DATA EXTRACT
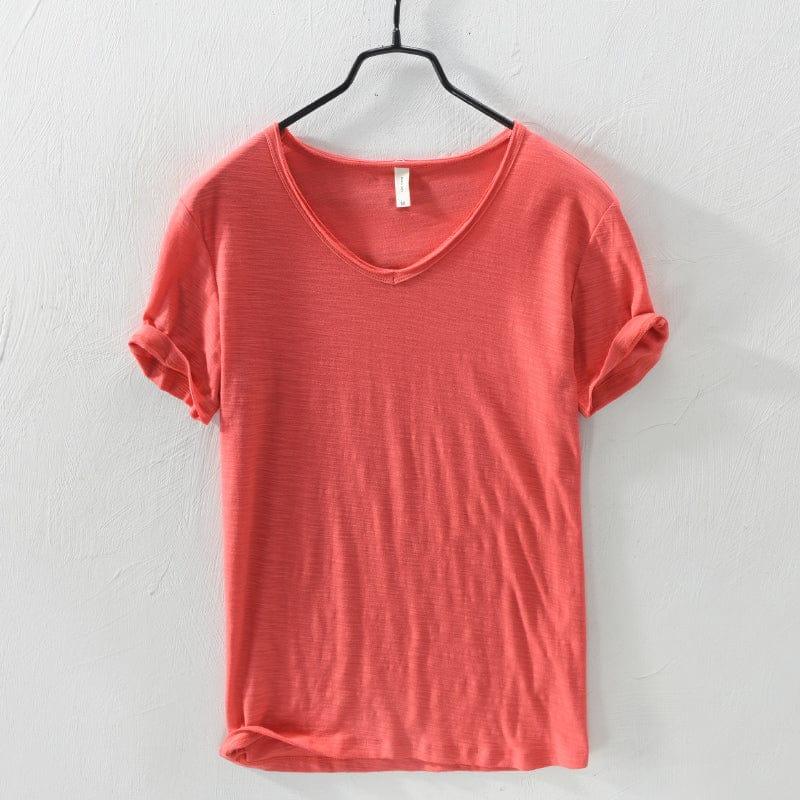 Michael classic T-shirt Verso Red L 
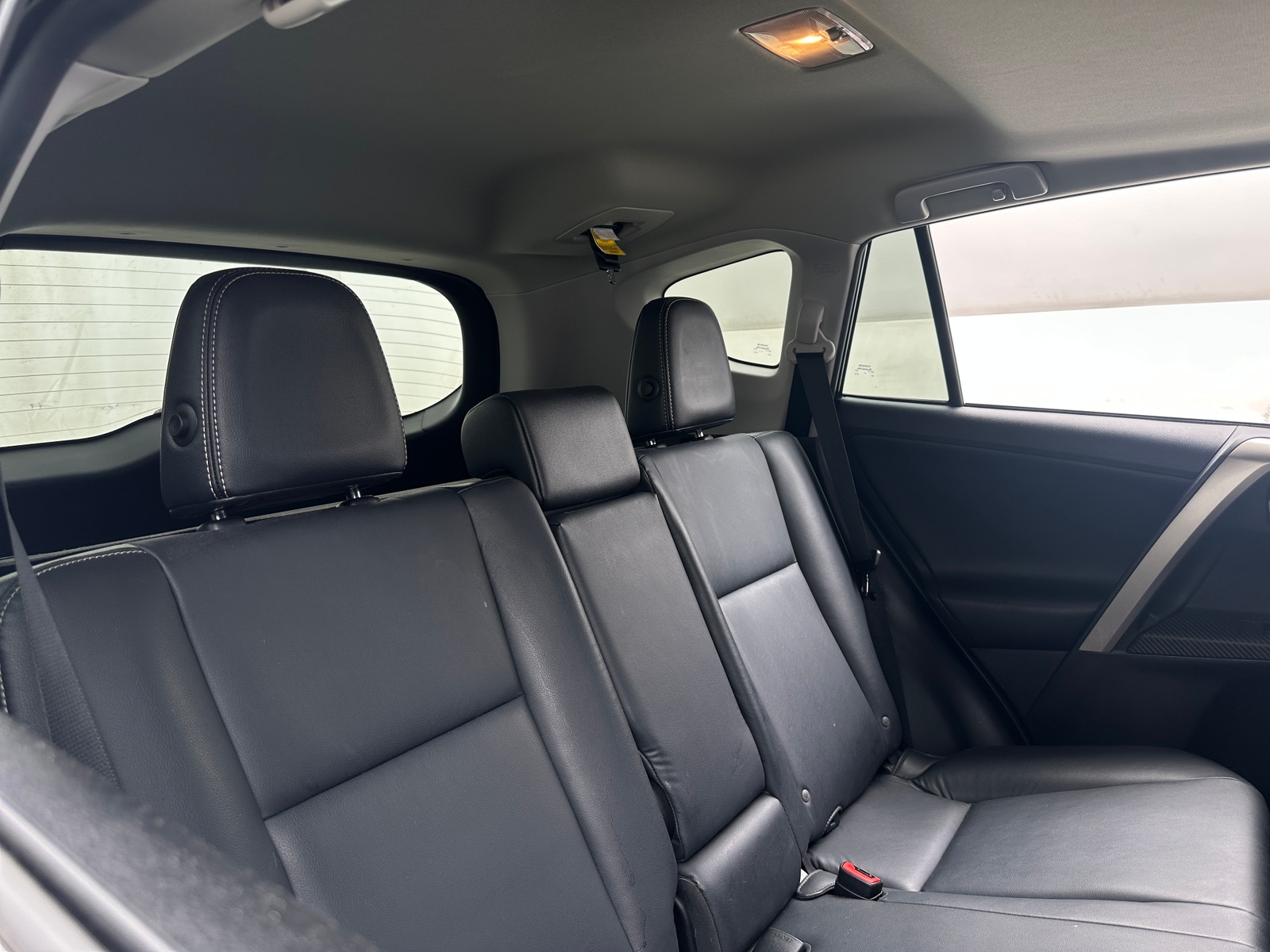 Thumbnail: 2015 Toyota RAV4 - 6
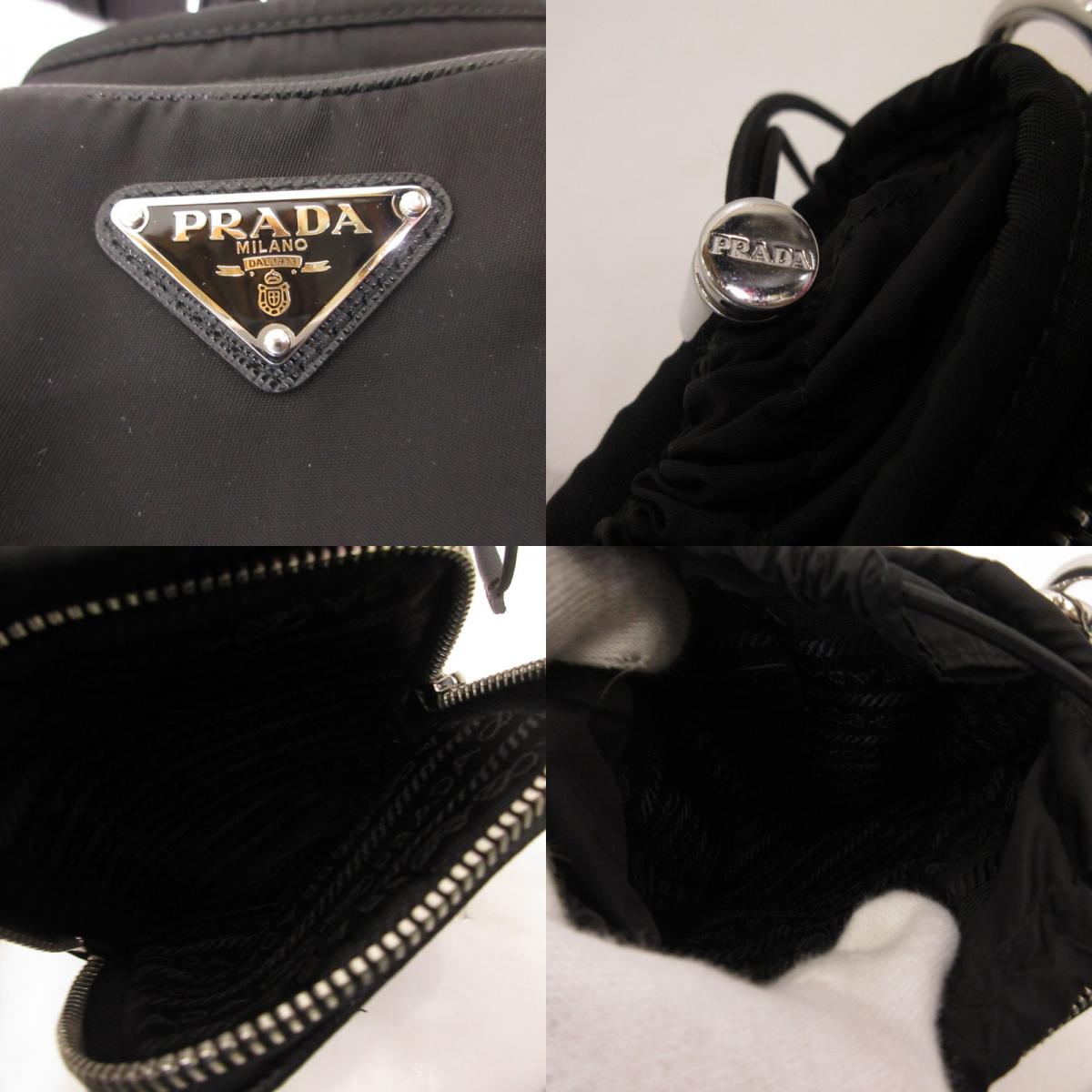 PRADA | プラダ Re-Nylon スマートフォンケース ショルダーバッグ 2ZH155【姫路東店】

TO DO
No picture should be included when the data are set down again exactly.

YOUR RESPONSE
 Michael classic T-shirt Verso Red L 
 Thumbnail: 2015 Toyota RAV4 - 6
 PRADA | プラダ Re-Nylon スマートフォンケース ショルダーバッグ 2ZH155【姫路東店】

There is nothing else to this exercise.